After World War II Nietzsche came to the universities thanks to Walter Kaufmann, who somehow succeeded in turning Nietzsche, by then said by a nameless professor to be "dead as a doornail," into an "indispensable philosopher for postwar American life." His translations of all Nietzsche's books, plus a work of interpretation published in 1956, gave him "hegemony" over English-language Nietzsche studies despite the prevalence of analytic philosophy in that time. Kaufmann argued that Nietzsche was one of the great philosophers of all time, perfectly clear and coherent, and that he was guiltless of responsibility for Nazism.

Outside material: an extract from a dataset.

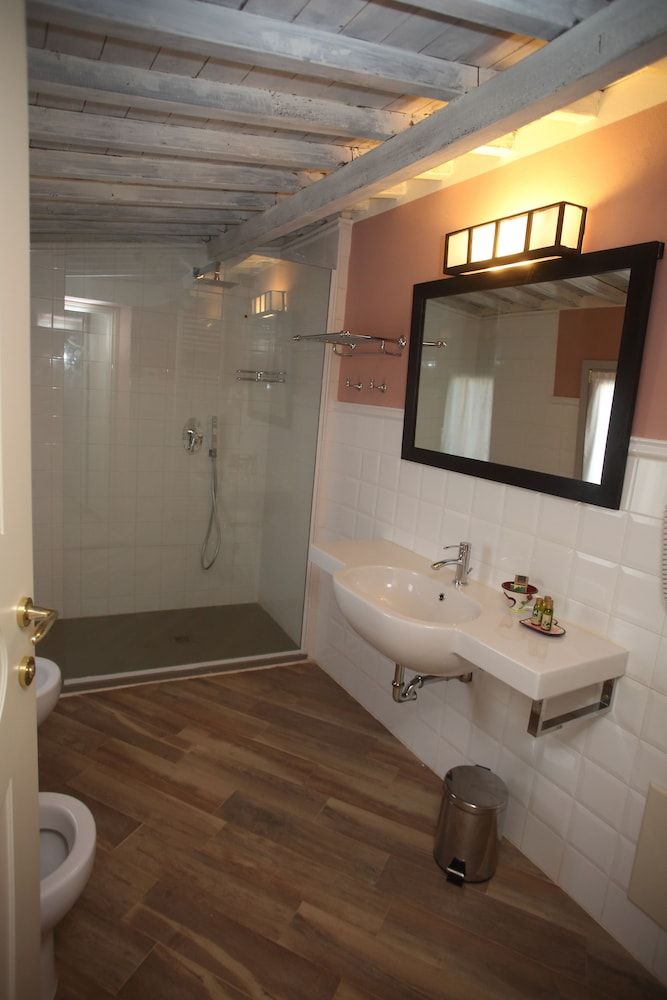 Residenza D'Epoca Villa Agnolaccio Deluxe Double or Twin Room 13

Ratner-Rosenhagen does not comment on his translations, but the benign gloss he put on Nietzsche can be sampled from one of his translated phrases in Beyond Good and Evil: for Gewaltmensch der Kultur ("violent man of culture") Kaufmann wrote "cultural dynamo."

From Kaufmann Ratner-Rosenhagen carries the story to the anti-foundationalists of France—Jacques Derrida, who at the bicentennial of the American Revolution in 1976 lectured at the University of Virginia not on the Declaration of Independence as he had been asked, but on Nietzsche. She lets this little move pass without criticism because it was by then participating in "a long-standing practice in American intellectual life," thinking about America by thinking with Nietzsche. Then we have Harold Bloom, Richard Rorty, and Stanley Cavell. Along the way she mentions a book by Huey P. Newton, founder of the Black Panther Party, that "enlisted Nietzsche to consider the soft power of ideas in the fight for racial justice." And she reminds her male readers that in the first issue of Playboy (December 1953) Hugh Hefner proposed to his male readers from 18 to 80 (this reviewer now barely qualifies) that for an evening of drinks and mood music they invite in "a female acquaintance for a quiet discussion on Picasso, Nietzsche, jazz, sex." Cool!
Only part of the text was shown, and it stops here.